The other issue is what to do about velocity; for instance, if I "animate" a 
circle to be pulsating, then I would assume that as it blew up it would push 
things away with a non-zero relative velocity, but without some additional 
stuff going on internally that wouldn't be the case, the normal velocity would 
always be zero even though the shape is changing.  There are a couple solutions 
to this problem:

1) Calculate the relative velocities (which would otherwise be 0) based on the 
current time step and the change in local position "at that point" relative to 
the last step.  "at that point" is something we'd need to think about in more 
detail, but it's probably pretty straightforward, we just figure out the 
relative velocity of each polygon segment and assume that wherever the contact 
happens, we use the velocity for that segment...the one thing I'm not sure 
about is whether it's very easy to extract information about what segment a 
contact is touching, because of the relative complexity of the polygon 
collision code (which has always somewhat mystified me).
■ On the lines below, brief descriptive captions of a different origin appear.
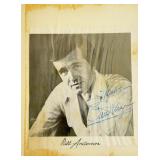 VTG Photograph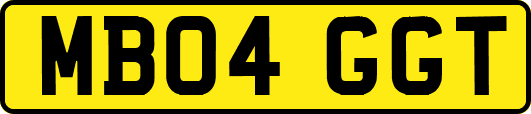 MB04GGT
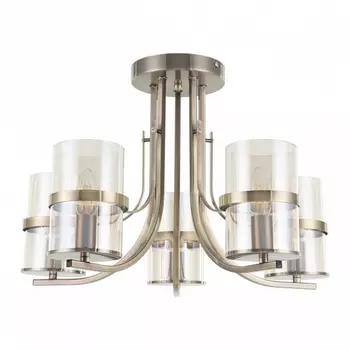 Потолочная люстра Arte Milano Napoli-5124 335124/5 AB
2) Come up with a way to let the user specify the relative velocity at any 
point on the shape.  The bonus here would be that a) we could still implement 
1) as a special case, and b) things like conveyor belts and tank treads become 
absolutely trivial to add, because people can just specify relative velocities 
on non-changing shapes.  There was some discussion in the forums about this a 
while back, though I can't find the link right now...

Original comment by ewjor...@gmail.com on 21 Jul 2011 at 6:09

GoogleCodeExporter commented 8 years ago

Original comment by toucansa...@gmail.com on 21 Jul 2011 at 6:16

GoogleCodeExporter commented 8 years ago
I really like that second option, I that could be used to do a lot of very cool 
things.  

Original comment by toucansa...@gmail.com on 22 Jul 2011 at 3:58

GoogleCodeExporter commented 8 years ago
I'll look into what that would take, then, maybe I can dig up the forum post 
that mentioned that - I think in addition to dirty-flagging changed shapes, 
that could actually be enough to do the trick.